Pull out of the data below the stretch of lines bounded by the one containing "수요미식회 칼국수와 전 -한성칼국수, 보드라운 면, 내공의 전" and the one containing "Velvet Wash Bag", both bounds included, unchanged.

(Saved data entries)
BEGIN

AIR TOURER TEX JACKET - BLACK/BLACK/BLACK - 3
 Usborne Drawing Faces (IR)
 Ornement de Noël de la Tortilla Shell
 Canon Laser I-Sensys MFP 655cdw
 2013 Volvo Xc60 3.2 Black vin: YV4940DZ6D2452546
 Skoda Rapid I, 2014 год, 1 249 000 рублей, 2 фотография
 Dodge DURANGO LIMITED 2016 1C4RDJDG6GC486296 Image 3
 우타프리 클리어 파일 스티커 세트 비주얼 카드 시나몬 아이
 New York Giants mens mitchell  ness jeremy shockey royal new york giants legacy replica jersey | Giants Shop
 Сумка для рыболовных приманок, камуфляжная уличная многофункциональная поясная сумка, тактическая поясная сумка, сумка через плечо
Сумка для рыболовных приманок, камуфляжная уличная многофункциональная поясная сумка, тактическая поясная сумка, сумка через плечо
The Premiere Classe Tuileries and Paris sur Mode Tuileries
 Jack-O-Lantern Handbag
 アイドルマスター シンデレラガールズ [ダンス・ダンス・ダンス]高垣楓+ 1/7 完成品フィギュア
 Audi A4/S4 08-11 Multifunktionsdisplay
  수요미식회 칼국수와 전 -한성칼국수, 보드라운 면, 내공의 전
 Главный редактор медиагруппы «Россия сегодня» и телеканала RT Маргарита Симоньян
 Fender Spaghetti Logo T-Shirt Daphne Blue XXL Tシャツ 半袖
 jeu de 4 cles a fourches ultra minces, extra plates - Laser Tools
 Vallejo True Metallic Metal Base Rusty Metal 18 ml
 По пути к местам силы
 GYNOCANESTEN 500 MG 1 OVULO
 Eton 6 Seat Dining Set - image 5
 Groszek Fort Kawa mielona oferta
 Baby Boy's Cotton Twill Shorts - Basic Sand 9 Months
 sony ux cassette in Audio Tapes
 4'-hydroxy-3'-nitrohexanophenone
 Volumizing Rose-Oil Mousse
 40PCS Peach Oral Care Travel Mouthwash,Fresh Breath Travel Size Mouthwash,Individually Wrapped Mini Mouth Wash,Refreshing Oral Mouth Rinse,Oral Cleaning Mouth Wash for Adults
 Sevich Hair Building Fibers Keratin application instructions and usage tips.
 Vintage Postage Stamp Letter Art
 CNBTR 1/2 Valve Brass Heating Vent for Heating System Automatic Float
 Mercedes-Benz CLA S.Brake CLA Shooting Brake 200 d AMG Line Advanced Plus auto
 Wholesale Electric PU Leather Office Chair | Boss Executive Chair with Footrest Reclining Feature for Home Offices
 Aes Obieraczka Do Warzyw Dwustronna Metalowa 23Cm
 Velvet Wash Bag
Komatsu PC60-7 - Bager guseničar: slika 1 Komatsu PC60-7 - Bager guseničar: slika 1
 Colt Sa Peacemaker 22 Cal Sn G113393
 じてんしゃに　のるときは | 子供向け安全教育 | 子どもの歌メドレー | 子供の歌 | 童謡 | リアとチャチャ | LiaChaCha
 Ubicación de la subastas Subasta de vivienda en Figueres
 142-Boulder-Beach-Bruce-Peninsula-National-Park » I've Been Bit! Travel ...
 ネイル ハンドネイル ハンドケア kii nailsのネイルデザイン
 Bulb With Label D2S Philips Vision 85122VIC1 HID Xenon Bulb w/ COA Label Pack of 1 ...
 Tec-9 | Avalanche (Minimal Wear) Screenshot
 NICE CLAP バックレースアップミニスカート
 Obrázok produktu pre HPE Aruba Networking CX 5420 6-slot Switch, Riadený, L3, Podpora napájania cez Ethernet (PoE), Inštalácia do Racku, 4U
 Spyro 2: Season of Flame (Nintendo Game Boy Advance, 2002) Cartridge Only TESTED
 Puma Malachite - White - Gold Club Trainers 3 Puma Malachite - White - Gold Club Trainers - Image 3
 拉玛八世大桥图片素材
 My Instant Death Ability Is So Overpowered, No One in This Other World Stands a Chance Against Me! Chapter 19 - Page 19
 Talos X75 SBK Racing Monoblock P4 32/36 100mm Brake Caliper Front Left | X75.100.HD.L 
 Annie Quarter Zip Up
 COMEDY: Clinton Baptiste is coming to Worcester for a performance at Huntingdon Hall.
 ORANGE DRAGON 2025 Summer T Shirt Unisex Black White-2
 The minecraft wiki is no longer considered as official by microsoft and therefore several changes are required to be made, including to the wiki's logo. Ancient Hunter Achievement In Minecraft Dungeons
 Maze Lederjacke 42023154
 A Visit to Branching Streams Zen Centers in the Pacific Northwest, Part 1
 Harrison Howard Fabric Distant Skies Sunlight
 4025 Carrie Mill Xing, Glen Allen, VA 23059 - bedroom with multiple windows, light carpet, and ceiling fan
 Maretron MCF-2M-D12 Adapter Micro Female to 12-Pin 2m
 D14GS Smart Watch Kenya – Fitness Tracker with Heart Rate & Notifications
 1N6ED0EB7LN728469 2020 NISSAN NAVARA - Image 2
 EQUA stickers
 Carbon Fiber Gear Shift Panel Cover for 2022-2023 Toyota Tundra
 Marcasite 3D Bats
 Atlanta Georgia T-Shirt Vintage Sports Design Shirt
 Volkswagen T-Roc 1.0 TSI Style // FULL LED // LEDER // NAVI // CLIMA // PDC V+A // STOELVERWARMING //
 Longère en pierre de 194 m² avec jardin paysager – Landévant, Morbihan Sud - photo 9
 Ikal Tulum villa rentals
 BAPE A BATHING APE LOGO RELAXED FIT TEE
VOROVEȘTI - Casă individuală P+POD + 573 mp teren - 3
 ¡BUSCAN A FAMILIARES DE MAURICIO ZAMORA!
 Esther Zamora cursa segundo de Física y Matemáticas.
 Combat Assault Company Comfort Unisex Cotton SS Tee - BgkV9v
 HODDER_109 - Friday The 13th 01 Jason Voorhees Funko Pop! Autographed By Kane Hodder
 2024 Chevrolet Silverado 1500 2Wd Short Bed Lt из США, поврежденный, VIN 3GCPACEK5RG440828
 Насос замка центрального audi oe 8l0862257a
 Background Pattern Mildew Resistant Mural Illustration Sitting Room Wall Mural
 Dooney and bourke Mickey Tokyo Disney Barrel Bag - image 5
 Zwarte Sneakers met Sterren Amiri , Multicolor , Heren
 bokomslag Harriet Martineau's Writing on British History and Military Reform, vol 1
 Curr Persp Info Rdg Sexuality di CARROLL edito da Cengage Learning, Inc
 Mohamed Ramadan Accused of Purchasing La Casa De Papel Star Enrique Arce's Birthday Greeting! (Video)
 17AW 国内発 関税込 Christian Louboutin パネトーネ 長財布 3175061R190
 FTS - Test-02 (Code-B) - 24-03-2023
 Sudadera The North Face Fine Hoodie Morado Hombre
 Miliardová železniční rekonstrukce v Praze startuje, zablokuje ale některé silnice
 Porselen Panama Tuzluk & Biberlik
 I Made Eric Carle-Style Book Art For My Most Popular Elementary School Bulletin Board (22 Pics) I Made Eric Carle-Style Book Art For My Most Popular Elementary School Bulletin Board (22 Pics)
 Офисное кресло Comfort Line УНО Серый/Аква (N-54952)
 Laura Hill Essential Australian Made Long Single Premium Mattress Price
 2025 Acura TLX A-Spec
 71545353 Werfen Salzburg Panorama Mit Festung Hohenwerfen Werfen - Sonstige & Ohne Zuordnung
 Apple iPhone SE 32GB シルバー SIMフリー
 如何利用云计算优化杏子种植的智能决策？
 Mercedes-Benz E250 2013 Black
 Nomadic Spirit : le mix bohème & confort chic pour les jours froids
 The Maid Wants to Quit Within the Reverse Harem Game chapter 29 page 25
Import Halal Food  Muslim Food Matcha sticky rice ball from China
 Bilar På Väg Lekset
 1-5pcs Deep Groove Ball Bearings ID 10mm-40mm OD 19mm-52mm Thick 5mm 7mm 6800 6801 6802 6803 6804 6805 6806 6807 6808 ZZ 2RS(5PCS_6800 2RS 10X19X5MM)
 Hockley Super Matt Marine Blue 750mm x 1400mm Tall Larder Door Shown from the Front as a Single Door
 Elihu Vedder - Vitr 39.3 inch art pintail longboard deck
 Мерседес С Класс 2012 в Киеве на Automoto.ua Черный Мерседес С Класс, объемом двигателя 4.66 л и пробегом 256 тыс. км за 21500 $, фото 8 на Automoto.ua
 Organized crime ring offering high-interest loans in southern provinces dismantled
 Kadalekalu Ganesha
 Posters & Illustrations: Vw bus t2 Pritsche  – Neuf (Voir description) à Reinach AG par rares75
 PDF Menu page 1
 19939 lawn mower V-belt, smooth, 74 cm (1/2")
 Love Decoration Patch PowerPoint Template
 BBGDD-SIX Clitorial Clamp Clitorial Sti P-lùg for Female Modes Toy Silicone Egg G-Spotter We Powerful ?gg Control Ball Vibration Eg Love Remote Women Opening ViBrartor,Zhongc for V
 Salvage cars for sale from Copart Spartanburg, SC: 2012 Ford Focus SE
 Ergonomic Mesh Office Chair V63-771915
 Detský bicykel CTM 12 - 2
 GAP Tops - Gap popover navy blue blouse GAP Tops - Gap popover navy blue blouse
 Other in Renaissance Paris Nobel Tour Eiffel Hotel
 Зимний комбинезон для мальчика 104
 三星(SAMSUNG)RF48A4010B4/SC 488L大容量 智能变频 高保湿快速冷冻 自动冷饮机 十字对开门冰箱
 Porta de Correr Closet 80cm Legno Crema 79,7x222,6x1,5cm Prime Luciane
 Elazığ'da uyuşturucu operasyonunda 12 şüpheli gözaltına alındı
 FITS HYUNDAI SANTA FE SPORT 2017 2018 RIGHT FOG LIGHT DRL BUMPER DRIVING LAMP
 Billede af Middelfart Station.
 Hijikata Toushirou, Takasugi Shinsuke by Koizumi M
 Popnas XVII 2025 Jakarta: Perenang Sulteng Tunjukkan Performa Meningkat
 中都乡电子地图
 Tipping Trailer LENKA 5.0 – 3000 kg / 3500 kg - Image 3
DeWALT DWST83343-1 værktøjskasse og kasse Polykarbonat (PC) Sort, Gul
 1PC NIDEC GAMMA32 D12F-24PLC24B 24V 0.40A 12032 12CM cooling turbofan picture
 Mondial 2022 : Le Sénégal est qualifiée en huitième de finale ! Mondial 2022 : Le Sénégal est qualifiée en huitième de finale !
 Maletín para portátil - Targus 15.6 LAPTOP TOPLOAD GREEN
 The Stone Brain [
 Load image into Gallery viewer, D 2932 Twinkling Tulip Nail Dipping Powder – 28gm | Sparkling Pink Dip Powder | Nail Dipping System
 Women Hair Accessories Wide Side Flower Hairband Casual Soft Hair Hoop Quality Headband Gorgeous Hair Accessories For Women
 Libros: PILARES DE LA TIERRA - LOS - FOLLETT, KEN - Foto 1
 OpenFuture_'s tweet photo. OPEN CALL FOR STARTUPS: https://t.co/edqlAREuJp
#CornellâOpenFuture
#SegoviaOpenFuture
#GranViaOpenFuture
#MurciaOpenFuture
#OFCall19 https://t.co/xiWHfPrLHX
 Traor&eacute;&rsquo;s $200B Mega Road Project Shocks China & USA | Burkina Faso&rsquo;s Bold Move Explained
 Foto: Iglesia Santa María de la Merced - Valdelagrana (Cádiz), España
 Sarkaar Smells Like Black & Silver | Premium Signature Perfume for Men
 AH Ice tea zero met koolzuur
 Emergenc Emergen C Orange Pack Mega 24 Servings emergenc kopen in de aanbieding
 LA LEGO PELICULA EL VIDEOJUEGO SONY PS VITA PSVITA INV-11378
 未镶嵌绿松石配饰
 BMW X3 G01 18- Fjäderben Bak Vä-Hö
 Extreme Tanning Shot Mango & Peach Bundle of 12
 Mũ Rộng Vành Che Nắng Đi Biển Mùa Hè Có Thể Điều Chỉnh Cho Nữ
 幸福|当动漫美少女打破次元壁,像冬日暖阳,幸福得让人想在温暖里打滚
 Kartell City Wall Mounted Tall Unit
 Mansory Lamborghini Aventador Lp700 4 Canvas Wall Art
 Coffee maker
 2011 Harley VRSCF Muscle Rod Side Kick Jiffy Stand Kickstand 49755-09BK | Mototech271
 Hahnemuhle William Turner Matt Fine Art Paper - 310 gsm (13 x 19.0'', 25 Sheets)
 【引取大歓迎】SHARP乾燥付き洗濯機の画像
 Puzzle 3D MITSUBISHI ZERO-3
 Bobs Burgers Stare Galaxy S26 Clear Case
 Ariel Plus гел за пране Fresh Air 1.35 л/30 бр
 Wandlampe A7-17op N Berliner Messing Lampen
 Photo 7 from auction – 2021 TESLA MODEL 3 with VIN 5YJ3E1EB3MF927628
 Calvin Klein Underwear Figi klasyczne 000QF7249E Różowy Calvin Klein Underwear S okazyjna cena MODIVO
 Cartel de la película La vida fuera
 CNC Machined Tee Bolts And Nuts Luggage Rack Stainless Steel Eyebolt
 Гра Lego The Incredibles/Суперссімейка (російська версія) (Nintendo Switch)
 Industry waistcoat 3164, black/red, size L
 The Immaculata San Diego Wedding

END

## Task response
  수요미식회 칼국수와 전 -한성칼국수, 보드라운 면, 내공의 전
 Главный редактор медиагруппы «Россия сегодня» и телеканала RT Маргарита Симоньян
 Fender Spaghetti Logo T-Shirt Daphne Blue XXL Tシャツ 半袖
 jeu de 4 cles a fourches ultra minces, extra plates - Laser Tools
 Vallejo True Metallic Metal Base Rusty Metal 18 ml
 По пути к местам силы
 GYNOCANESTEN 500 MG 1 OVULO
 Eton 6 Seat Dining Set - image 5
 Groszek Fort Kawa mielona oferta
 Baby Boy's Cotton Twill Shorts - Basic Sand 9 Months
 sony ux cassette in Audio Tapes
 4'-hydroxy-3'-nitrohexanophenone
 Volumizing Rose-Oil Mousse
 40PCS Peach Oral Care Travel Mouthwash,Fresh Breath Travel Size Mouthwash,Individually Wrapped Mini Mouth Wash,Refreshing Oral Mouth Rinse,Oral Cleaning Mouth Wash for Adults
 Sevich Hair Building Fibers Keratin application instructions and usage tips.
 Vintage Postage Stamp Letter Art
 CNBTR 1/2 Valve Brass Heating Vent for Heating System Automatic Float
 Mercedes-Benz CLA S.Brake CLA Shooting Brake 200 d AMG Line Advanced Plus auto
 Wholesale Electric PU Leather Office Chair | Boss Executive Chair with Footrest Reclining Feature for Home Offices
 Aes Obieraczka Do Warzyw Dwustronna Metalowa 23Cm
 Velvet Wash Bag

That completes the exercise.